Max Q
Topic Author
Posts: 7058
Joined: Wed May 09, 2001 12:40 pm

Passenger oxygen on military aircraft

Sat Feb 02, 2019 8:42 am

On aircraft such as the C130 and C17 that
can carry personnel in their cargo compartments are there emergency oxygen masks installed for these passengers in the event of a cabin decompression ?


If so, where are these installed, if not how is this issue addressed?
The best contribution to safety is a competent Pilot.
 
Legs
Posts: 249
Joined: Fri Jun 23, 2006 3:37 pm

Re: Passenger oxygen on military aircraft

Sat Feb 02, 2019 8:57 am

The C-17 has oxygen masks that are very similar to airliner ones installed in the sidewall for the integral seating that pop out of little panels near your shoulder when you're sitting on the seats. They are deployed much like an airliners, triggered by high cabin altitude or selected to deploy manually.
The centreline seats have pop out masks that are attached to the aircraft O2 system by hoses on the roof of the plane, that operate just like the sidewall. The palletised seats that can be loaded have chemical generators and mask sets for each seat.

I can't speak for the -130 though.
 
Max Q
Topic Author
Posts: 7058
Joined: Wed May 09, 2001 12:40 pm

Re: Passenger oxygen on military aircraft

Sat Feb 02, 2019 1:02 pm

Legs wrote:
The C-17 has oxygen masks that are very similar to airliner ones installed in the sidewall for the integral seating that pop out of little panels near your shoulder when you're sitting on the seats. They are deployed much like an airliners, triggered by high cabin altitude or selected to deploy manually.
The centreline seats have pop out masks that are attached to the aircraft O2 system by hoses on the roof of the plane, that operate just like the sidewall.

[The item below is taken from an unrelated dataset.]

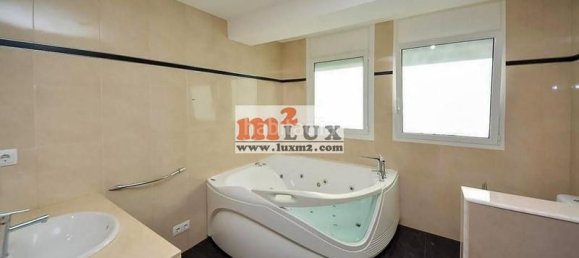 4 bedrooms House in Lloret de Mar, Spain No. 75558 9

The palletised seats that can be loaded have chemical generators and mask sets for each seat.

I can't speak for the -130 though.



Thanks for the very informative reply


The mask hoses for the center line seats
must be pretty long !
The best contribution to safety is a competent Pilot.
 
Buckeyetech
Posts: 119
Joined: Wed Jul 03, 2013 1:11 am

Re: Passenger oxygen on military aircraft

Sat Feb 02, 2019 4:26 pm

Max Q wrote:
Legs wrote:
The C-17 has oxygen masks that are very similar to airliner ones installed in the sidewall for the integral seating that pop out of little panels near your shoulder when you're sitting on the seats. They are deployed much like an airliners, triggered by high cabin altitude or selected to deploy manually.
The centreline seats have pop out masks that are attached to the aircraft O2 system by hoses on the roof of the plane, that operate just like the sidewall. The palletised seats that can be loaded have chemical generators and mask sets for each seat.

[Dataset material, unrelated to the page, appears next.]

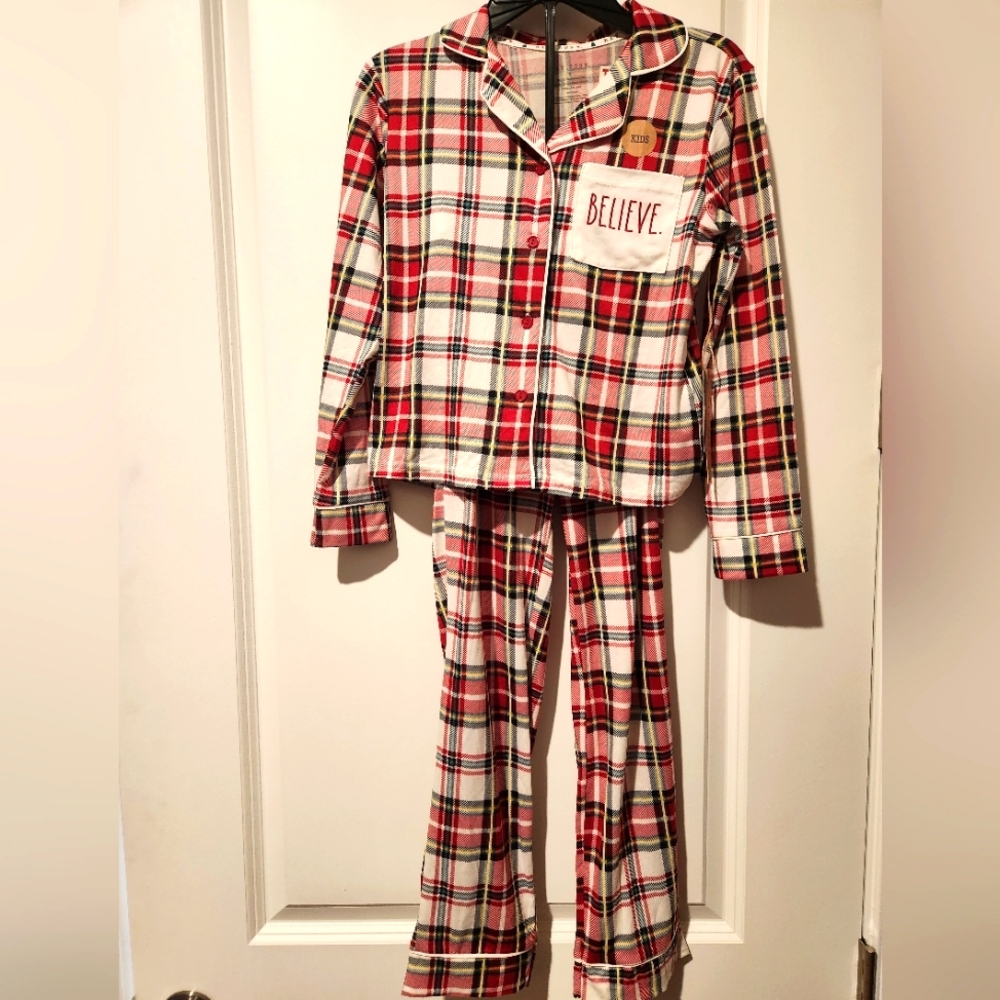 RAE DUNN 2pc Big Kids pajamas “Believe”.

I can't speak for the -130 though.



Thanks for the very informative reply


The mask hoses for the center line seats
must be pretty long !


The centerline seats are daisy-chained together by O2 hoses about 6” long, which connect to the aircraft’s LOX system by two hoses about 10’ long. This picture shows one of those in the stowed position in the ceiling.

https://goo.gl/images/VMaB41
B-52H, C-141C, C-5A, C-17A
 
Max Q
Topic Author
Posts: 7058
Joined: Wed May 09, 2001 12:40 pm

Re: Passenger oxygen on military aircraft

Sun Feb 03, 2019 2:14 am

Buckeyetech wrote:
Max Q wrote:
Legs wrote:
The C-17 has oxygen masks that are very similar to airliner ones installed in the sidewall for the integral seating that pop out of little panels near your shoulder when you're sitting on the seats. They are deployed much like an airliners, triggered by high cabin altitude or selected to deploy manually.
The centreline seats have pop out masks that are attached to the aircraft O2 system by hoses on the roof of the plane, that operate just like the sidewall. The palletised seats that can be loaded have chemical generators and mask sets for each seat.

I can't speak for the -130 though.



Thanks for the very informative reply


The mask hoses for the center line seats
must be pretty long !


The centerline seats are daisy-chained together by O2 hoses about 6” long, which connect to the aircraft’s LOX system by two hoses about 10’ long. This picture shows one of those in the stowed position in the ceiling.

https://goo.gl/images/VMaB41




Thanks Legs and BK for the responses and great information
The best contribution to safety is a competent Pilot.